Background

The conjugated polymer polyaniline is a promising material for sensors, since its conductivity is highly sensitive to chemical vapors. Nanofibers of polyaniline are found to have superior performance relative to materials without nanoscale morphology due to their much greater exposed surface area. A template-free chemical synthesis produces uniform polyaniline nanofibers with diameters below 100 nm, see Figure 1. The process of polymerization can be readily scaled to make kilogram quantities.

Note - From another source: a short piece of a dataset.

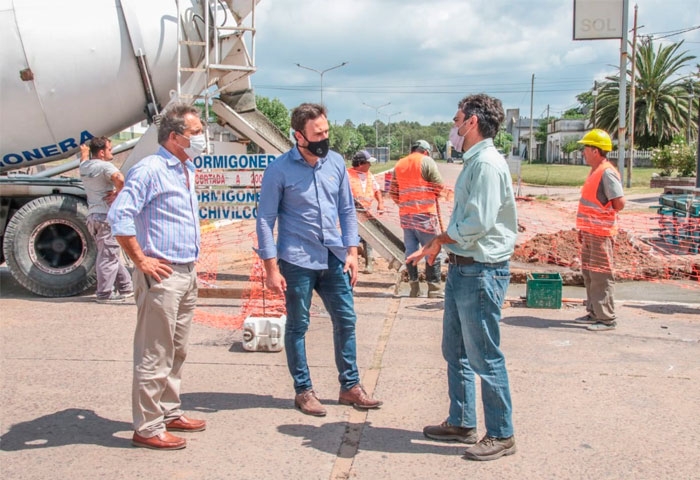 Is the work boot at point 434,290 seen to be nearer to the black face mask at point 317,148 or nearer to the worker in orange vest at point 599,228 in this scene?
the worker in orange vest at point 599,228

Figure 1. Polyaniline nanofiber synthesis.   A. Interfacial polymerization occurs through an interfacial region (oil/water) yielding anisotropic polymer nanoparticles; this procedure is carried out a ambient conditions. The intrinsic morphology of the polymer is nanofibrillar due to homogeneously nucleated growth, the nanofibers form within seconds and can be purified by centrifugation.   B. Transmission electron micrograph of polyaniline nanofibers (J. Huang and R.B. Kaner, Angew. Chem. Inter. Ed. 2004, 43, 5817).

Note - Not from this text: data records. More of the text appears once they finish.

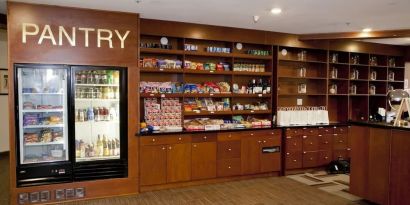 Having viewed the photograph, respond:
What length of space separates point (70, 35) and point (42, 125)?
1.31 m

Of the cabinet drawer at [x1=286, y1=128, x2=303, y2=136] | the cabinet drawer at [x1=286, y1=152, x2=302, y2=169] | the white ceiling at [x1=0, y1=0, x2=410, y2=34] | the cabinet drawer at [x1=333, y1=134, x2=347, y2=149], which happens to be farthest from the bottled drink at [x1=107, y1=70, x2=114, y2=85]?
the cabinet drawer at [x1=333, y1=134, x2=347, y2=149]

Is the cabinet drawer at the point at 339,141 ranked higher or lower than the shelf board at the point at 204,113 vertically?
lower

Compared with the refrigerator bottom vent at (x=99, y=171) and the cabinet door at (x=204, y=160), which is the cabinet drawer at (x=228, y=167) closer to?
the cabinet door at (x=204, y=160)

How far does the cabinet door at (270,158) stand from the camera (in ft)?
18.8

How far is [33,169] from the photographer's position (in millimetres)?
4230

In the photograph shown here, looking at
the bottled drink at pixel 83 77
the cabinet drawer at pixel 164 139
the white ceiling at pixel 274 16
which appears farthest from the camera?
the cabinet drawer at pixel 164 139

Polyaniline is a conducting polymer that has been widely studied for electronic and optical applications because it possesses a simple and reversible acid/base doping/dedoping chemistry (Figure 2) enabling control over properties such as free volume, solubility, electrical conductivity, and optical activity. ¹ Doping protonates the molecular chains that make up nanofibers and vapors of acids can serve to this purpose. A multimeter can be used to measure the sheet resistance of a film of nanofibers in the presence of vapors of acids or bases demonstrating the reversible doping process. Figure 2 also shows the conversion of the insulating emeraldine base form of polyaniline to the conducting emeraldine salt form upon exposure to HCl. This process occurs instantaneously with films in solution and within minutes in the gas phase and is fully reversible upon exposure of the films to a strong base. Acid doping and base dedoping can be cycled as many times as desired. The change in resistance from the dedoped to the doped form is large and easily measured—dedoped polyaniline is an excellent sensor for acids and doped polyaniline an excellent sensor for bases with orders of magnitude changes in resistance upon exposure to these analytes. Polyaniline can also be used to selectively distinguish between strong and weak acids. Weaker acids will not dope polyaniline as well or as quickly as strong acids, resulting in a change in response time from seconds or minutes extending to hours or days, accompanied by much smaller response levels.²

Figure 2. Reversible doping mechanism in polyaniline.   Repeat unit of the emeraldine oxidation state of polyaniline in the undoped, base form (top), and the fully doped, acid form (bottom). HX represents any protonic acid. (J. Huang and R.B. Kaner Macromolecules. 2005, (38)2, 317).

Figure 3. Schematic Diagram of a Chemiresistor. Acid vapors lower the electrical resistance while base vapors increase it. The active sensing layer is polyaniline nanofibers deposited over brown (unbleached) paper and the electrodes are made of copper.